Matthew Grow investigates the life and times of Thomas L. Kane (1822–83) and, along the way, he illuminates wider cultural patterns within the U.S. culture during the mid- to late nineteenth century. For Grow, Kane’s self-appointed role as the protector of the Church of Jesus Christ of Latter-day Saints (LDS Church), as well as his involvement in abolitionism and, eventually, the Civil War, illustrate growing questions within the U.S. about human rights, property rights, and religious rights. Within this context, Grow argues that Kane is an example of an oft-ignored but important reformer of the nineteenth century: “Kane is representative of reformers who combined an allegiance to the Democratic Party, anti-evangelicalism, and romanticism” (p. xvi).

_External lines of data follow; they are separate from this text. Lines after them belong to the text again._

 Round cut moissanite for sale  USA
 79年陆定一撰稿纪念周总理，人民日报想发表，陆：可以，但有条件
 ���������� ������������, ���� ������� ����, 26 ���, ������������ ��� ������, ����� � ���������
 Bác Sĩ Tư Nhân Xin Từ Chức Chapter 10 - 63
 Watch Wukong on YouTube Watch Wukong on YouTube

Grow quickly establishes that Kane was a complicated and contradictory character, a conclusion that only solidifies as the book progresses.

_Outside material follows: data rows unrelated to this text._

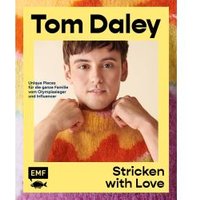 Tom Daley- Stricken with Love von EMF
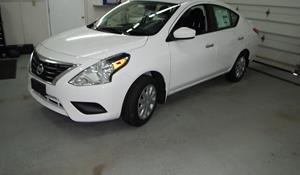 2016 nissan versa hot sale door speaker size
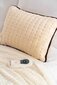 Oromed Oro Heat Pillow цена и информация | Soojendavad tooted | kaup24.ee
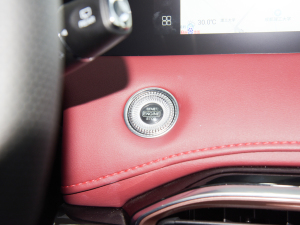 2021T 1.6T DCTP 7 п؅^(q)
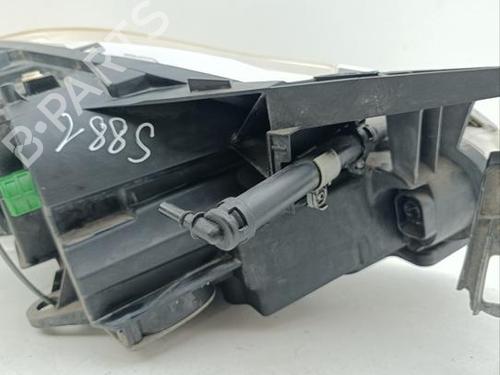 Left headlight MASERATI QUATTROPORTE VI 3.0 S Q4 | BP39252328C28 - Image 11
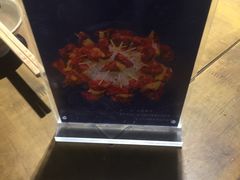 -白乐天毛肚火锅馆(南滨路店)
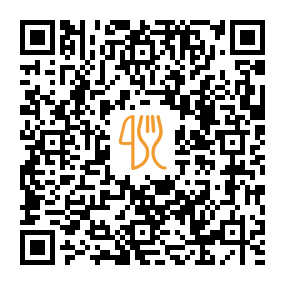 QR-code link către meniul Stoom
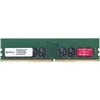 SYNOLOGY 8GB RAM DDR4 2666Mhz UDIMM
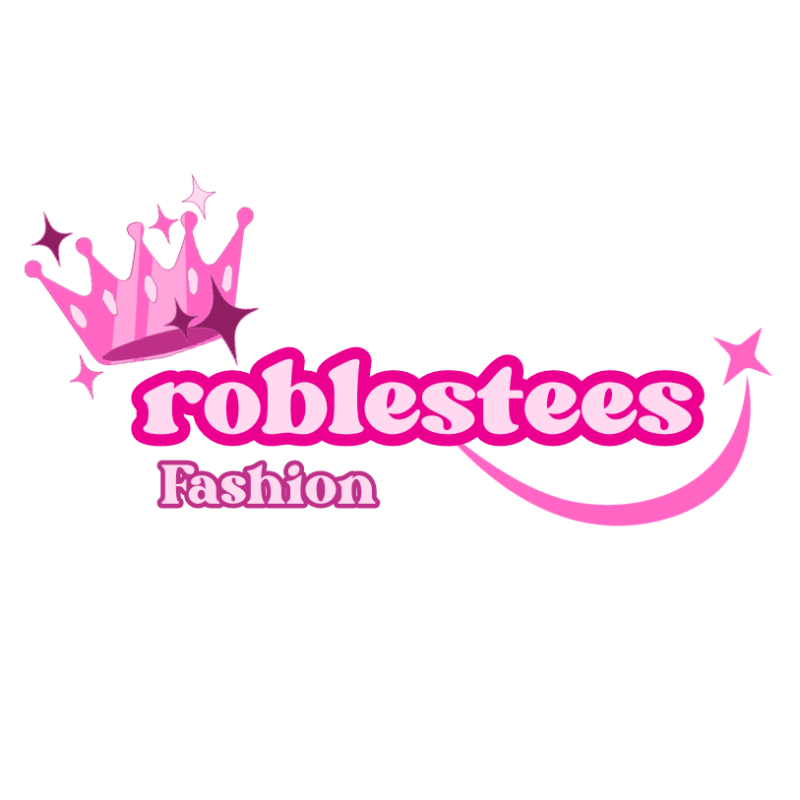 Roblestees Store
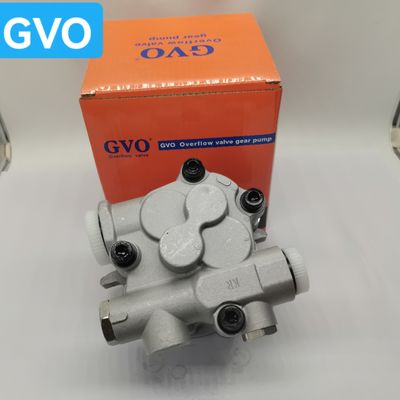 YN10V00033F2 カース用 サミトモ CX220B CX220B E215B SH200A3 エグババターパイロットギアポンプ
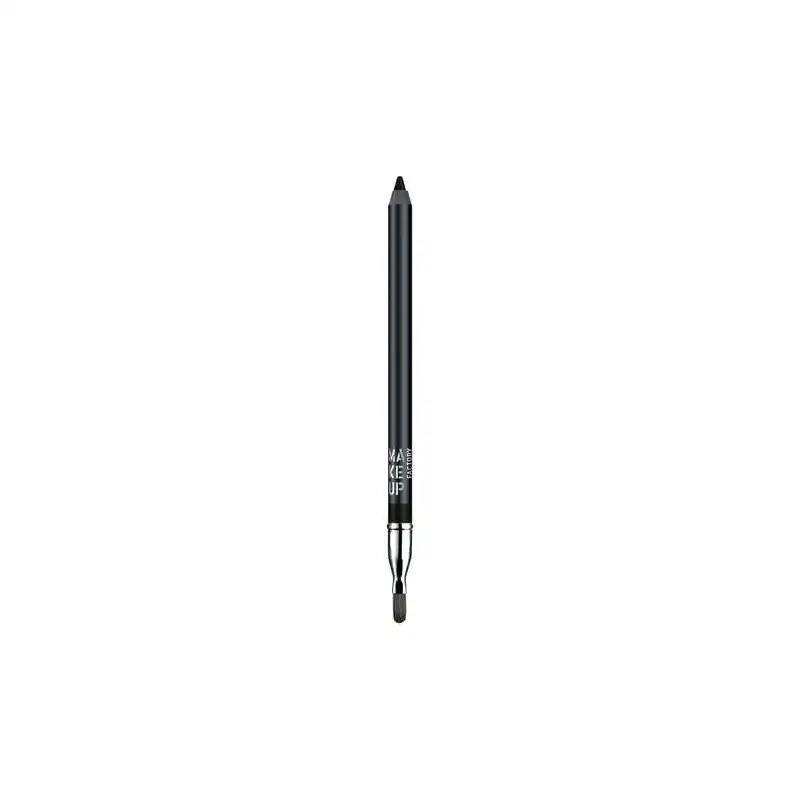 Muf Smoky Liner Long-lasting & Waterproo - Make Up Factory - Comparador de precios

Born in Philadelphia, Thomas Kane was the second son of John Kintzing Kane and Jane Duval Leiper, both from prominent mercantile families with political savvy. “Thomas’s childhood gave him not only political connections, an upper-class education, and a genteel background, but also . . . an appreciation for religious diversity, and a romantic respect for those who stood against the crowd” (p. 12). Small, sickly, yet rebellious, Kane attended Dickinson College only one year. He stayed long enough to begin his career as a mediator when he negotiated unsuccessfully with the college administration to readmit a number of freshmen who had been involved in a lark.

In 1840 and in 1843 Kane took two extended trips for his health. Spending most of his time in France, Kane intermingled with social reformers, republicans such as Armand Marrast, and, perhaps most importantly, Auguste Comte, who was advocating for the field of sociology and his Religion of Humanity. Yet throughout his travels, Kane was consumed with his small stature and ill health, at one point writing to his family: “‘I am unchanged, the identical ache & ailing, nervous, weak-backed, dyspeptious pygmy’” (p. 15). Kane [End Page 72] was beginning to form an identity as a rule-breaking but moral protector of the weak and vulnerable—at the same time that he struggled with his own physical weakness.

Back home in Philadelphia, Kane put his reforming impulses to work. Actively anti-evangelical, he spoke and wrote against anti-Catholic nativism and the death penalty. He toyed with pacifism, began to work for reform of public schools, and made his first steps towards abolitionism. Family influence reigned supreme in the life of Kane. He worked with his father on James K. Polk’s campaign and, like his father, began to write—usually anonymous—newspaper articles and editorials in order to sway public opinion for his causes. Kane was admitted to the bar in 1846 and accepted a clerkship offered by his father, by then a federal judge.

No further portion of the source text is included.